══ INPUT RECORDS
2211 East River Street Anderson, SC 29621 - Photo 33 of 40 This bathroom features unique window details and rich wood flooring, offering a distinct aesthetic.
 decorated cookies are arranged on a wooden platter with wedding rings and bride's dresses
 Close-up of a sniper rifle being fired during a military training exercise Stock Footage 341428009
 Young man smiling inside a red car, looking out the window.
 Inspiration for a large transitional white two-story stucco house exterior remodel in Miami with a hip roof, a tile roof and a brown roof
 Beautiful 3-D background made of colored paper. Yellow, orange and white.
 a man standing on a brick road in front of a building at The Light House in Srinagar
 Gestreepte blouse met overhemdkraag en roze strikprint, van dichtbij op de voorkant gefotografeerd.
════
══ INPUT RECORDS
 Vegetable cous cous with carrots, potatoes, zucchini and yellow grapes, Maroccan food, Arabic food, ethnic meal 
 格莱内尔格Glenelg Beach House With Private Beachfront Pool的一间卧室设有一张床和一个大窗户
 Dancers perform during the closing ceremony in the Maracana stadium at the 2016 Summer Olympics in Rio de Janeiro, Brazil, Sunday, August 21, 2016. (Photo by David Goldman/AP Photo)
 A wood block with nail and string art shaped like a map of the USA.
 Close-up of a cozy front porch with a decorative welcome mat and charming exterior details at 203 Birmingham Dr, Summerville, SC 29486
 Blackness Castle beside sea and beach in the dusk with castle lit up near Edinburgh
════
WHAT THE TASK ASKS: Given the records above, restate word for word only the lines starting at the one with "2211 East River" and ending at the one with "Gestreepte blouse met".

OUTPUT:
2211 East River Street Anderson, SC 29621 - Photo 33 of 40 This bathroom features unique window details and rich wood flooring, offering a distinct aesthetic.
 decorated cookies are arranged on a wooden platter with wedding rings and bride's dresses
 Close-up of a sniper rifle being fired during a military training exercise Stock Footage 341428009
 Young man smiling inside a red car, looking out the window.
 Inspiration for a large transitional white two-story stucco house exterior remodel in Miami with a hip roof, a tile roof and a brown roof
 Beautiful 3-D background made of colored paper. Yellow, orange and white.
 a man standing on a brick road in front of a building at The Light House in Srinagar
 Gestreepte blouse met overhemdkraag en roze strikprint, van dichtbij op de voorkant gefotografeerd.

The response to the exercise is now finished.